Nie ulega też wątpliwości, że tradycyjny model rodziny uległ dziś rozchwianiu. Chłopcy coraz częściej wychowują się bez męskiego autorytetu, w rodzinach, w których ojciec jest nieobecny. Z różnych powodów. Matka w takich przypadkach musi wejść w rolę obojga rodziców, cały proces wychowawczy spada bowiem na nią. Jednak zastąpić ojca, choćby bardzo się starała, nie jest w stanie. Problemem stała się również wzrastająca liczba rozwodów. Wielu ojców po rozstaniu z matką swoich dzieci nie interesuje się ich losem, nie odczuwa potrzeby utrzymywania z nimi bliskich relacji, a swoje obowiązki minimalizuje do płacenia alimentów. Wielu bardzo by chciało uczestniczyć dalej w życiu swoich dzieci, ale ich kontakt z nimi zostaje ograniczany przez matki. Niekiedy kontakty ojca z dzieckiem trzeba uciąć, bo są naprawdę niszczące, jednak w wielu przypadkach niszczący dla dziecka jest właśnie brak kontaktu. Dziecko, zwłaszcza syn, potrzebuje obecności ojca w swoim życiu – alienacja rodzicielska zaburza jego prawidłowy rozwój.

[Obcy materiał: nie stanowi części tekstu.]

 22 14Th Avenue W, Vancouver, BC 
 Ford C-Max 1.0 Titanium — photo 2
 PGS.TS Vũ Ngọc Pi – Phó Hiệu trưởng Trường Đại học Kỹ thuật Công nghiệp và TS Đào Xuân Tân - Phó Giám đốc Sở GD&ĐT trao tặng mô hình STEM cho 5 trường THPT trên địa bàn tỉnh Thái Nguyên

Mówi się o tym, że współczesny mężczyzna zmuszony jest do tego, by nieustannie udowadniać swoją męskość. Niekoniecznie jest dzisiaj głową domu i głównym żywicielem rodziny. Kobiety odnoszą sukcesy zawodowe, coraz lepiej zarabiają, stają się coraz bardziej samowystarczalne. Nie wszyscy mężczyźni potrafią się w tej sytuacji odnaleźć. Podział na to, co typowo męskie i typowo kobiece, dawno został już zachwiany, w związku z czym obie płcie miały dużo czasu do zdefiniowania się na nowo. Kobiety, które rozpoczęły te przemiany, podejmując walkę o większą swobodę, o równość i równouprawnienie, łatwiej chyba się w tej sytuacji odnalazły. Mężczyznom przychodzi to trudniej, popadli w stan, który został nazwany kryzysem męskości, czyli niemożnością dopasowania się do warunków społecznych i kulturowych. Cytowany na wstępie P. Zimbaro nie miał jednak do końca racji. Podobnie inni badacze problematyki kryzysu męskości. Nie każdy problem można tym pojęciem etykietować. To, co nazywa się kryzysem męskości, nazwać niekiedy by trzeba po prostu kryzysem dorosłości. On zaś dotyczy zarówno mężczyzn, jak i kobiet.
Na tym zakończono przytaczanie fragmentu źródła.